The first ever films were enjoyed in crackly, black-and-white silent exclusivity, and have since evolved to be vividly scripted and scored visual masterpieces with greater diversity and range. From the reign and saddening demise of Blockbuster Video, the invention of Netflix and the birth of online streaming platforms to the wittily-ruthless Rotten Tomatoes reviews and the Tomatometer for professional film critics, enjoying movies has become a pillar of global pop culture.
Created in 2011, the free-to-use app and website Letterboxd has recently skyrocketed in popularity — the brilliant no-brainer idea for a social media platform for cinema lovers across the globe. Similar to Goodreads, a platform with the same concept but for books and other literature, Letterboxd focuses less on arbitrary critic approval ratings and more on casual, quippy user reviews.
Letterboxd users can invite their friends and follow their profiles to see what movies they’ve recently watched and how they rated them — whether the plot was riddled with clichés, how well each movie adds to the actors’ repertoires or simply poke fun at the characters and cinematography. They can create their own lists of movies for different genres and categories, like family favorites or greats for date nights, for personal safekeeping or to publicly display on their profiles.
The app’s most beloved feature is the user’s freedom to express every feeling about each movie, from enamored to confused to repulsed, their nitpicks on every detail large and small and their deliberations on plot, cinematography and casting in every review they write.

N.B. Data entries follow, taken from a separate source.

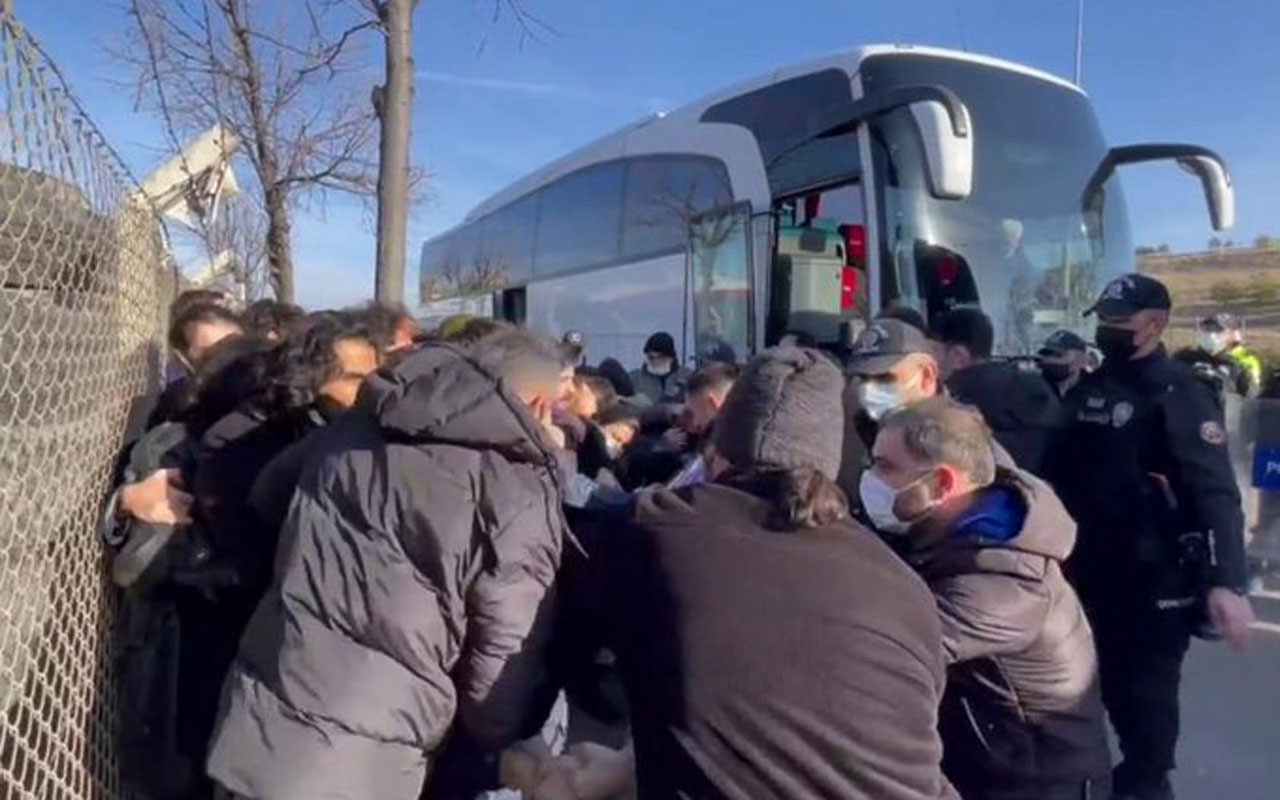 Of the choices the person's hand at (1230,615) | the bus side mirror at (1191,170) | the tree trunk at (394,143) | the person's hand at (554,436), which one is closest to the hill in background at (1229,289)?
the bus side mirror at (1191,170)

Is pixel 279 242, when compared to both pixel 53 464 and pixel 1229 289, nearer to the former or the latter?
pixel 53 464

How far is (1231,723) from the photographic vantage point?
5.18 metres

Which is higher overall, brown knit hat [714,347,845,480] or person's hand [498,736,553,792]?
brown knit hat [714,347,845,480]

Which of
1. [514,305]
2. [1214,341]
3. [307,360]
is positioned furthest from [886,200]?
[514,305]

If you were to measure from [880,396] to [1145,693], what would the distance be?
5.15 ft

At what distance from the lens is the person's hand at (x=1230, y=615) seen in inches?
146

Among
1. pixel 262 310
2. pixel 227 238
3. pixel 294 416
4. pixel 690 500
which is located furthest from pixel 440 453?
pixel 227 238

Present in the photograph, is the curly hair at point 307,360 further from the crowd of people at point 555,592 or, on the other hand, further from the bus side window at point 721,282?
the bus side window at point 721,282

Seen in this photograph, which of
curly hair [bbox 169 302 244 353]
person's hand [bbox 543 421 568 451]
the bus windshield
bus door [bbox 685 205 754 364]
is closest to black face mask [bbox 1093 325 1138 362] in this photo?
person's hand [bbox 543 421 568 451]

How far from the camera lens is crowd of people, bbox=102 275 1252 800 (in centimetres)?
191

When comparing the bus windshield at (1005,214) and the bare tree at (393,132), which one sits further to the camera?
the bus windshield at (1005,214)

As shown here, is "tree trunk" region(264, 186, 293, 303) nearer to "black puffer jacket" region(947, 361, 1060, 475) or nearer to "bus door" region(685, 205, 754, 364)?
"bus door" region(685, 205, 754, 364)

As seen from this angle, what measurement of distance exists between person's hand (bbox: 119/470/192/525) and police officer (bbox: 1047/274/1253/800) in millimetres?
3071

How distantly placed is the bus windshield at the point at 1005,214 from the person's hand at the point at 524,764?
575cm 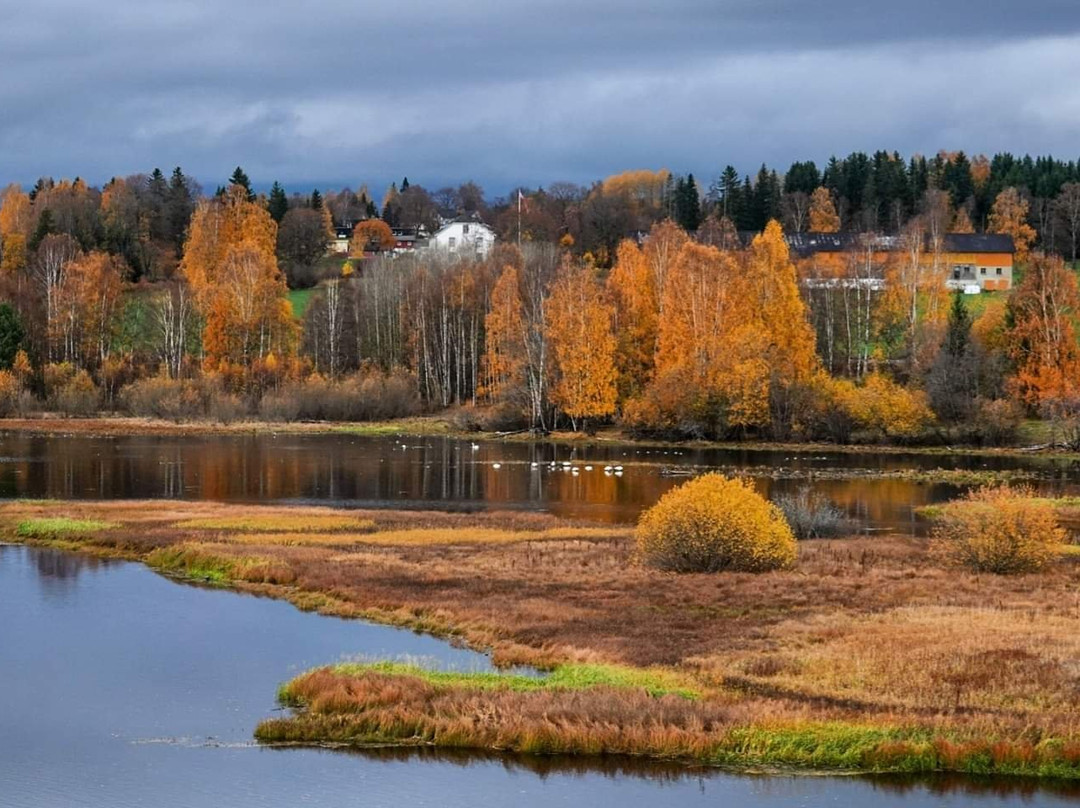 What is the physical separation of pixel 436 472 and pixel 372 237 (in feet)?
386

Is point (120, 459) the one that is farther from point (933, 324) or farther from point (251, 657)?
point (933, 324)

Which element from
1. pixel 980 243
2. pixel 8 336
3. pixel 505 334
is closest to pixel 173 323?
pixel 8 336

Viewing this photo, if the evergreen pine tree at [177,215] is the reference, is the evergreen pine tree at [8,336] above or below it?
below

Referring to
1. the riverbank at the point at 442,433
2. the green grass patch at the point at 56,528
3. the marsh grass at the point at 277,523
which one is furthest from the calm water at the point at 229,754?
the riverbank at the point at 442,433

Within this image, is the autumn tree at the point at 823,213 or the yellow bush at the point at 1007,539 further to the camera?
the autumn tree at the point at 823,213

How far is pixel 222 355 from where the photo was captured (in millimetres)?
114625

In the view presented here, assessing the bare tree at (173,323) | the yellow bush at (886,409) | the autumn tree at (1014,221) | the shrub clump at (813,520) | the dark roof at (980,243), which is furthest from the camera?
the autumn tree at (1014,221)

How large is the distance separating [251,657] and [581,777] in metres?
10.5

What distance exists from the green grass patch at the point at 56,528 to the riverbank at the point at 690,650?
0.54 meters

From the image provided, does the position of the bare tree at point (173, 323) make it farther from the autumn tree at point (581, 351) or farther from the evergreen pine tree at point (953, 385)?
the evergreen pine tree at point (953, 385)

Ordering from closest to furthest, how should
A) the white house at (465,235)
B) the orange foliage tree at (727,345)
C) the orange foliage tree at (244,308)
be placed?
the orange foliage tree at (727,345)
the orange foliage tree at (244,308)
the white house at (465,235)

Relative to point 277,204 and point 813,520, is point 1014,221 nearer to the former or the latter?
point 277,204

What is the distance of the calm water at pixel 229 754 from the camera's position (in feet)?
70.3

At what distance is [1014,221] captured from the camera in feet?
476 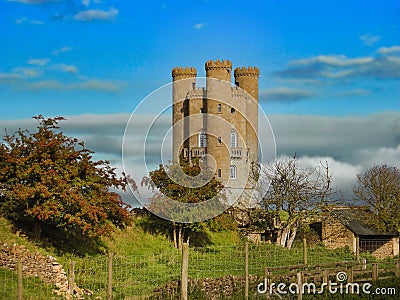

There is an argument to be made about how unromantic the digital cinema revamp has become — yes, a night beginning with standing under the neon marquee outside your local cinema while deciding on showtimes and indulging in tubs of popcorn on your way to the theater is a momentarily mundane but undeniably magical experience. However, gathering with friends and family to binge movies — forming popcorn brigades from the couch to the microwave and scrolling through titlecards on Netflix, Hulu and Max until you decide on the perfect movie for the evening based on whoever’s Letterboxd reviews had the most intriguing conviction — may just very well be what establishes digital cinema as an equal to its traditional in-person beginnings.